The group created four LSCO samples with four different doping levels. The doping levels cover a range of electronic behavior in which the CDW is at its strongest and then disappears. This range also covers a transition in the electronic structure of LSCO: the “Fermi surface,” which is a theoretical 3-D shell that separates the filled and unfilled electron orbitals—the volume around a nucleus where particular electrons are most likely to be—when the material has a temperature of absolute zero. Fermi surfaces are abstract, but they are very important, often predicting a material’s electronic behavior as well as many other properties.
A new way to study cuprate CDWs
In RIXS, the energy of incident x-ray photons is transferred to core-level electrons in a crystalline sample, “exciting” them into the conduction band. The vacancies left by the core electrons are filled by valence-band electrons, which emit a photon as they make the jump to the lower-energy band. Those emitted photons form a spectrum of energies that can be analyzed to gain information about the excitations and the material’s overall electronic behavior.
At NSLS-II, the work was done at the Soft Inelastic X-Ray (SIX) beamline, which offers ultra-high energy resolution RIXS. The technique has an enhanced sensitivity to excitations of both valence electrons and phonons—the collective vibrations of the atomic lattice. A CDW can be associated with these excitations.
“The recent discovery that CDW effects are weaved into cuprate RIXS spectra has been exciting for researchers in this field, as it holds the tantalizing promise that we may be able to clarify the interactions that give rise to CDWs,” said Mark Dean, a physicist in Brookhaven’s Condensed Matter Physics and Materials Science Department, who led the study together with Xuerong Liu from Shanghai Tech University and Valentina Bisogni from NSLS-II.
Dean and his colleagues found that the RIXS spectra are mostly unchanged at all doping levels, despite crossing the Fermi transition. This indicates that the spectra are not related to excitations near the Fermi surface. But learning more from the RIXS spectra—namely, isolating and interpreting the possible effects of a CDW—is a challenge.
“CDWs inevitably modify their host crystal lattice and thus the phonons,” said Bisogni. “Further complicating things is the fact that there are different approaches to interpreting RIXS data.”
Through rigorous, careful analysis, the research team concluded that the RIXS spectra have little or no direct relationship to electronic excitations. Instead, they are most powerfully affected by phonon behavior, including a “softening” of the phonons—a reduction in frequency—induced by the CDW and changes in the intensity of the phonons.

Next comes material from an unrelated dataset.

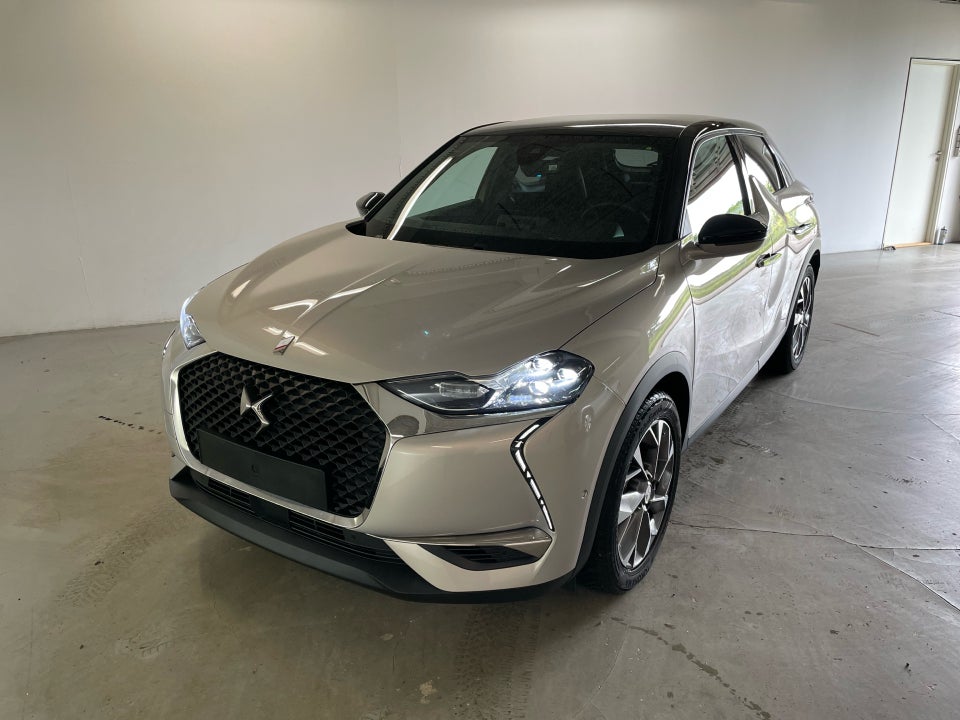 DS DS 3 CrossBack 50 E-Tense Elegance 5d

“The world-record energy resolution recently achieved at the SIX beamline was crucial to this investigation, allowing us to resolve and identify the different contributions present in the RIXS data,” said Dean.
The group states that their results support a scenario in which the CDW is driven by “strong correlations” between electrons—a term used to describe not-well-understood electronic behaviors in materials—and add support to the idea that the RIXS response in the cuprates is driven by how the CDW modifies the crystal lattice, and how those modifications invoke more complex interactions.
“Thanks to the performance of SIX, we were able to place a new piece in the puzzle that is the physics of the cuprate superconductors,” said Bisogni. “After all the work getting the beamline built, commissioned, and optimized, it is great to see high-impact science coming out of that effort. We hope that this publication will be the first of many such collaborative publications.”
In future work, the same team hope to study these systems with even higher energy resolution to reveal details of the lattice’s lower energy vibrational modes.”